* WORK INSTRUCTIONS
Write out, exactly and in full, the records given below, but not their pictures.

====

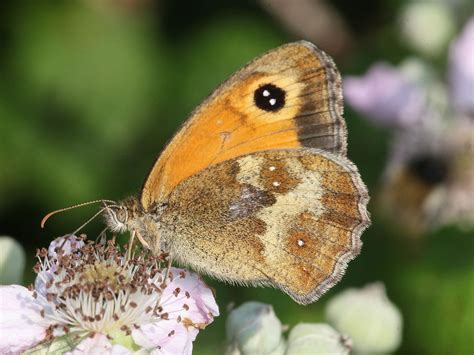 Gatekeeper | Dorset Butterflies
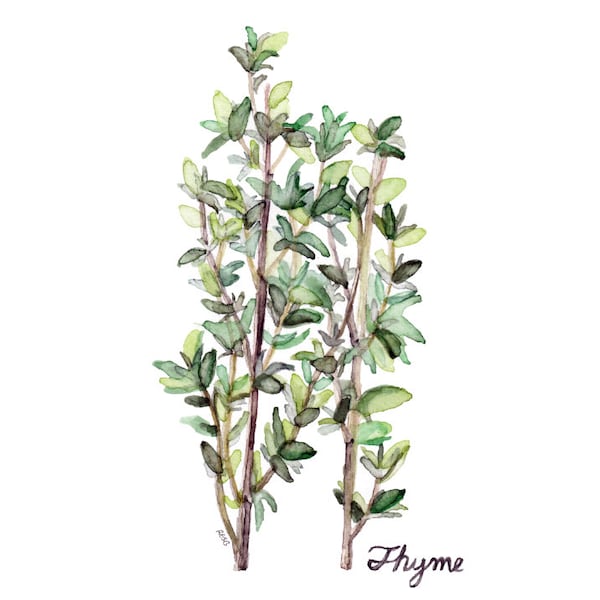 Thyme Herb Painting - Print from Original Watercolor Painting, "Thyme", Kitchen Decor, Green Herb, Botanical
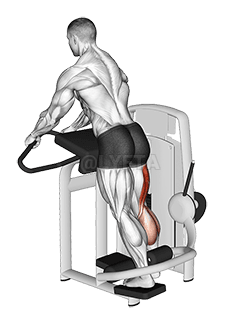 Lever Berdiri Kaki Curl demonstration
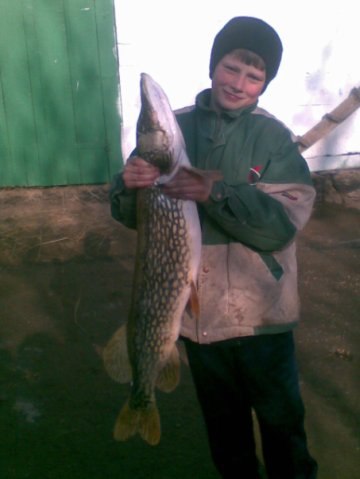 Анатолий Артемьев | Корец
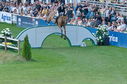 Filename=PT2_2239.JPG
Filesize=266KiB
Dimensions=800x531
Date added=Jul 12, 2025 PT2_2239.JPG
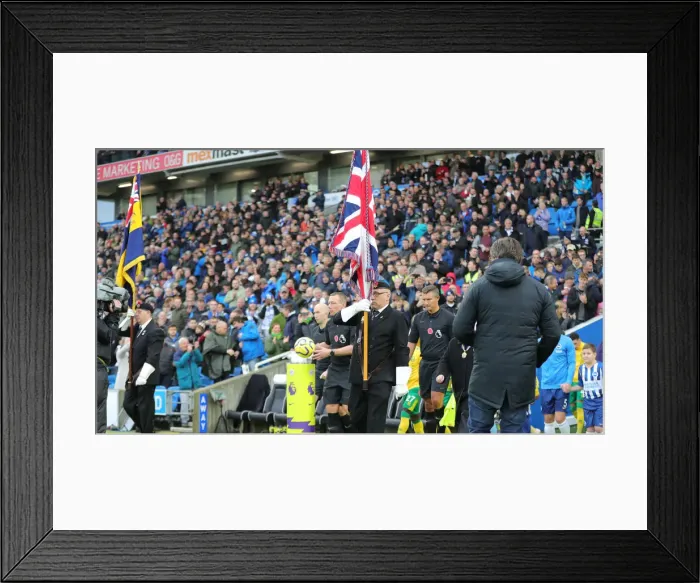 Framed Print : Brighton and Hove Albion vs. Norwich City: Premier League Showdown at American Express Community Stadium (November 2, 2019) Framed Print : Brighton and Hove Albion vs. Norwich City: Premier League Showdown at American Express Community Stadium (November 2, 2019)
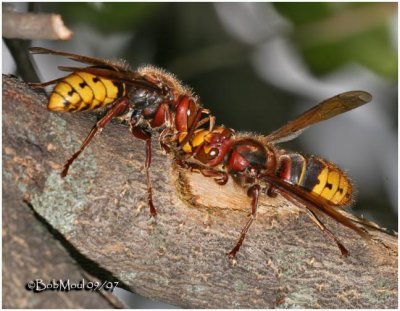 European Giant Hornet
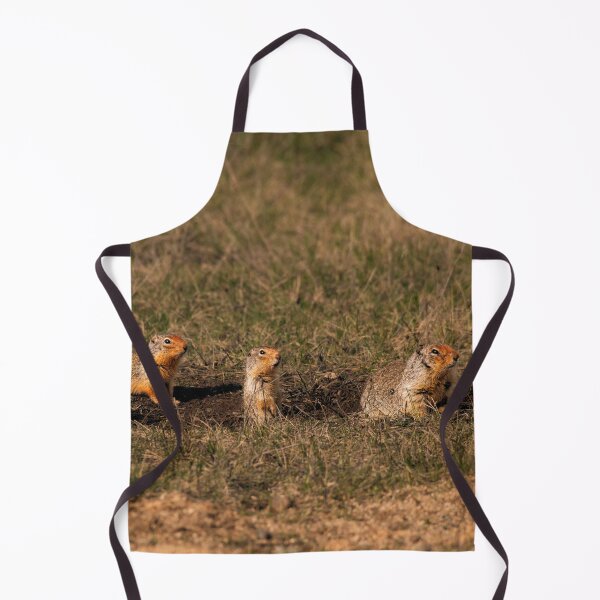 Item preview, Columbian Ground Squirrel Family at Burrow Athol, Idaho designed and sold by Elwynn WildLight Photography.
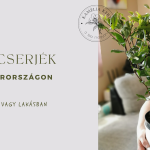 Kamélia Akadémia - avagy teacserjék Magyarországon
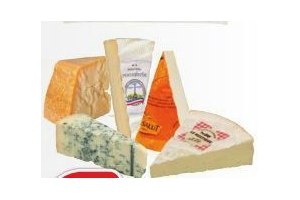 plus ambachtelijke roombrie camambert rustique gorgonzola grana padano of port salut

====

* WRITTEN REPLY
 Gatekeeper | Dorset Butterflies
 Thyme Herb Painting - Print from Original Watercolor Painting, "Thyme", Kitchen Decor, Green Herb, Botanical
 Lever Berdiri Kaki Curl demonstration
 Анатолий Артемьев | Корец
 Filename=PT2_2239.JPG
Filesize=266KiB
Dimensions=800x531
Date added=Jul 12, 2025 PT2_2239.JPG
 Framed Print : Brighton and Hove Albion vs. Norwich City: Premier League Showdown at American Express Community Stadium (November 2, 2019) Framed Print : Brighton and Hove Albion vs. Norwich City: Premier League Showdown at American Express Community Stadium (November 2, 2019)
 European Giant Hornet
 Item preview, Columbian Ground Squirrel Family at Burrow Athol, Idaho designed and sold by Elwynn WildLight Photography.
 Kamélia Akadémia - avagy teacserjék Magyarországon
 plus ambachtelijke roombrie camambert rustique gorgonzola grana padano of port salut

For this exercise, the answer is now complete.